La citazione del titolo suona malinconica? Non prendetevela con Dissapore. Improntato a un senso di malinconia, da occasione persa, è il parere appena espresso dal Ministero dello sviluppo economico sui cosiddetti home restaurant, fenomeno diffuso in Italia come una macchia d’olio su una preziosa tovaglia di lino, grazie all’intuizione di pochi e al passaparola di molti, attraverso i social network.
Stiamo parlando di quell’attività, nota anche come social eating, che trasforma casa propria in un ristorante pop up dove ospitare, a pagamento s’intende, perfetti sconosciuti che, invece di andare in questo o quel locale, scelgono un appartamento privato e una cucina domestica per una serata conviviale alternativa alle solite.
Attività talmente diffusa da avere già diversi punti di riferimento, come Gnammo, una comunità dove sgomitano 1.055 cuochi capace di realizzare 500 eventi, Ceneromane, per chi bazzica intorno alla Capitale, ma pure KitchenParty.org, e New Gusto, ognuna con un taglio e un target ben definito.

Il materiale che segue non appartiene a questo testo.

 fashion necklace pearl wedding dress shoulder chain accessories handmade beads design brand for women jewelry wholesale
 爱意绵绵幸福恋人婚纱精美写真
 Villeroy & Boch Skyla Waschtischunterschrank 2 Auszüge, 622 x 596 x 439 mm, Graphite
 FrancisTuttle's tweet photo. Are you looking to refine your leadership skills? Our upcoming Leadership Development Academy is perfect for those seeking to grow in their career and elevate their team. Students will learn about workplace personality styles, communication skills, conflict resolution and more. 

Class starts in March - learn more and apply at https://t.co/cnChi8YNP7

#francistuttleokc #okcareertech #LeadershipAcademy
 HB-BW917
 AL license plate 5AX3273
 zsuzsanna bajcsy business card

Tra le ragioni del successo il periodo di crisi economica, il fascino dell’inedito, soprattutto il vuoto legislativo che tanti mal di pancia procura ai ristoratori “tradizionali”, strapazzati da un’infinità di tasse e contributi.
Invece per aprire un home restaurant non servono licenze di nessun genere, nessuna autorizzazione sanitaria, la burocrazia è ridotta al minimo e la classificazione di semplice attività lavorativa occasionale, consente di fatturare fino a 5000 mila euro lordi senza Partita IVA.

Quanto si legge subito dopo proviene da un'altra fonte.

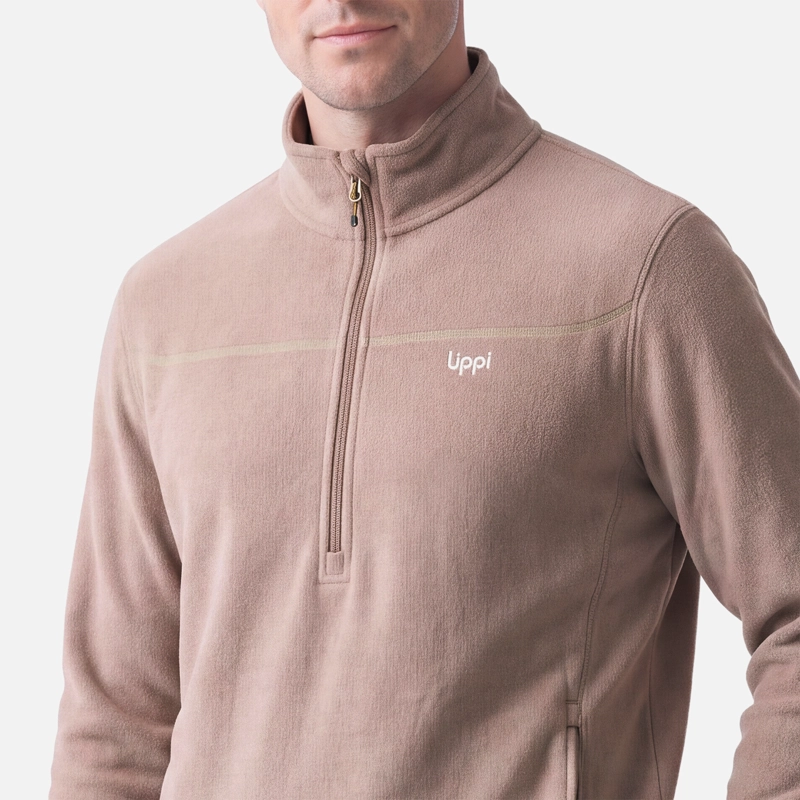 POLAR HOMBRE ELEMENTAL THERM-PRO 1/4 ZIP CANELA LIPPI V27 - 3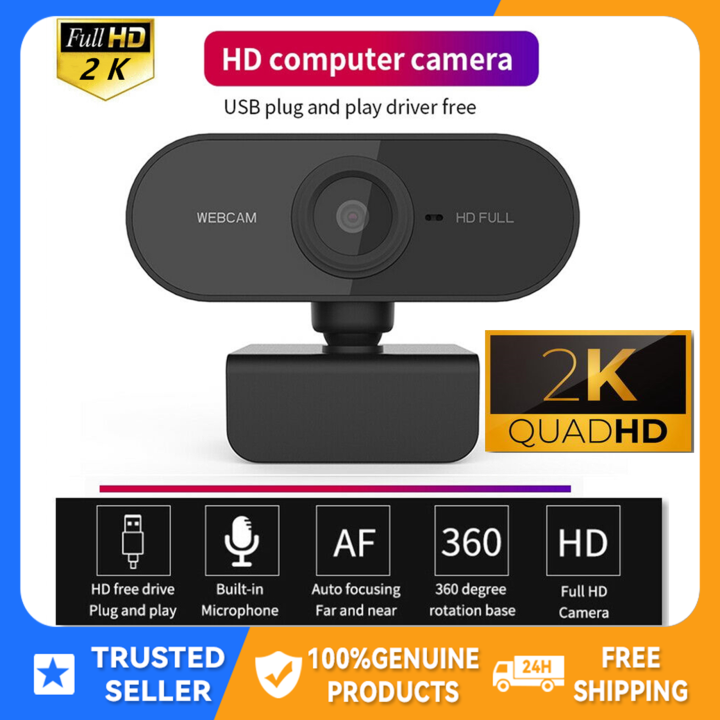 Supermax 2K Full HD Webcam AUTOFOCUS Web Camera Cam For PC Laptop Desktop  with Microphone Lazada PH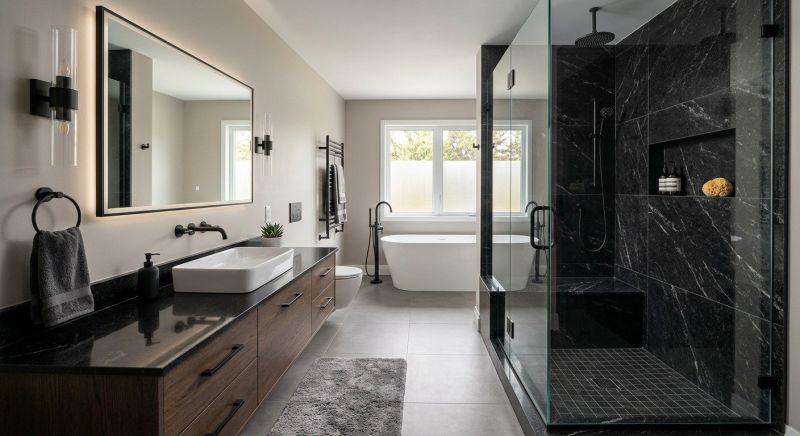 Granite Shower Installation in New Canaan, CT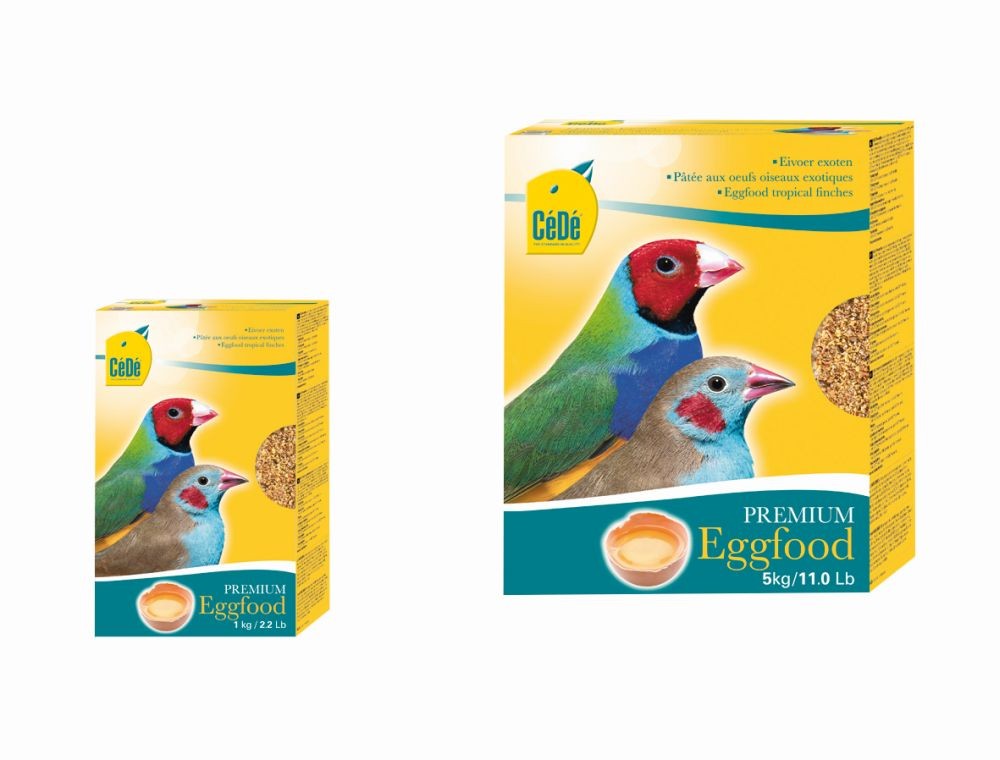 Hrana pasari | CeDe Hrana din oua pentru Fringilide | TROPICAL FINCHES |1 KG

Questo almeno sino a oggi.
Ma, addio sogni di gloria, il parere espresso dal Ministero dello sviluppo economico annuncia un’inversione di rotta a 360 gradi.

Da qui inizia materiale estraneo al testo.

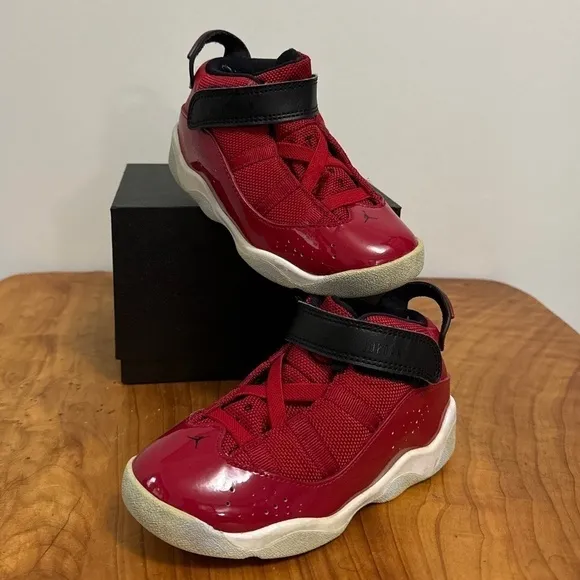 Nike Jordan 6 Rings Gym Red 10C Sneakers Running Shoes Slip On Velcro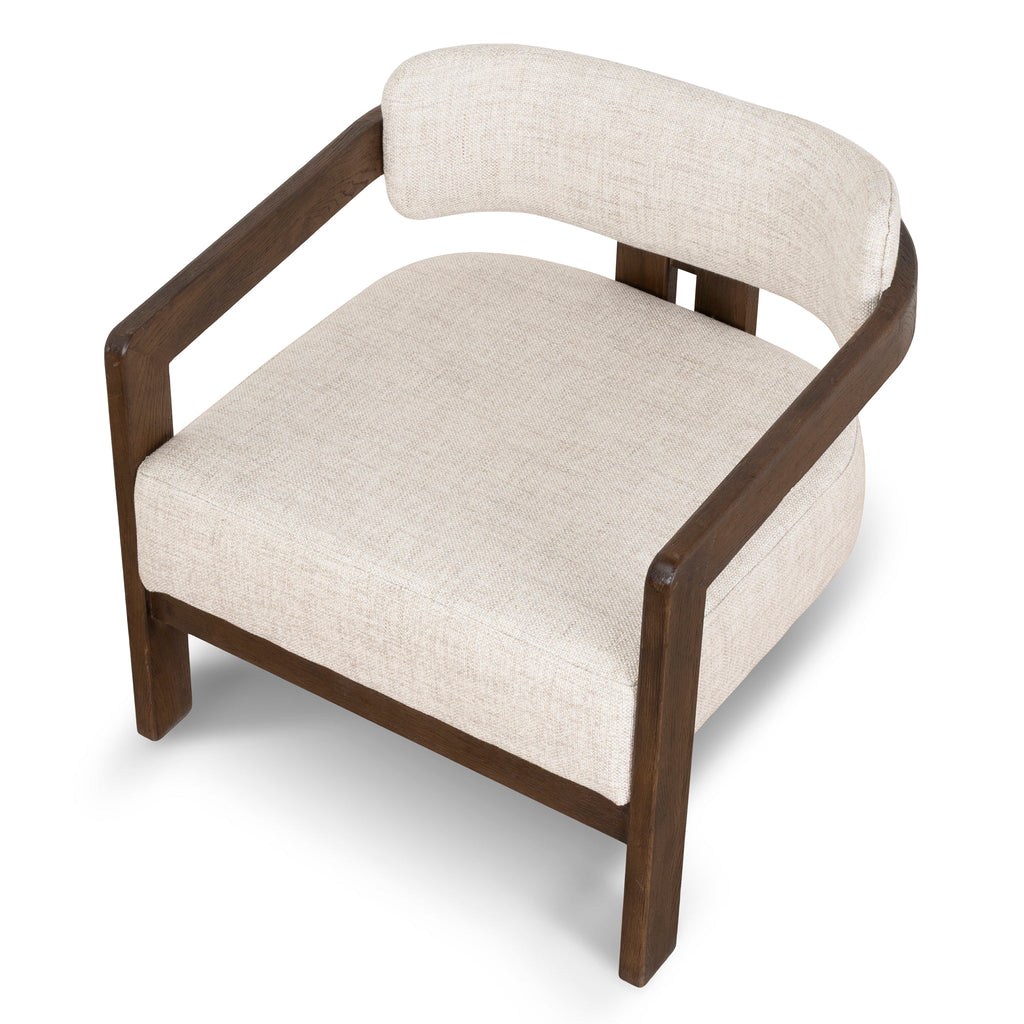 Walnut Armchair - Linen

“L’attività in questione anche se esercitata in alcuni giorni e tenuto conto che i soggetti che usufruiscono delle prestazioni sono in numero limitato, non può che essere classificata come un’attività di somministrazione di alimenti e bevande, in quanto anche se i prodotti vengono preparati e serviti in locali privati coincidenti con il domicilio del cuoco, essi rappresentano comunque locali attrezzati aperti alla clientela”.
In altre parole, secondo il Ministero, le norme applicabili ai soggetti che esercitano un’attività di somministrazione di alimenti e bevande, cioè i ristoratori, devono valere anche per i nuovi imprenditori degli home restaurant.
Non a caso precisa il Ministero:
“La fornitura di queste prestazioni comporta il pagamento di un corrispettivo e quindi, anche con l’innovativa modalità, l’attività in questione si esplica come attività economica in senso proprio“.
Cosa succederà ora?
Va da sé che Fipe, la Federazione Italiana Pubblici Esercizi, auspica che i comuni recepiscano l’autorevole parere del Ministero, e si attivino per fare controlli adeguati, il ché significa accertamenti da parte della Pubblica Sicurezza nella case dove si pratica social eating sul possesso dei requisiti.
Insomma, sembra spegnersi senza troppa gloria il piccolo grande sogno di molti ristoratori amatoriali italiani.
Giusto così? Il principio “stesso mercato, stesse regole” deve valere per tutti? Oppure anche in questo lungo periodo di crisi lo stato italiano pensa soprattutto a reclamare la propria parte soffocano le attività di impresa?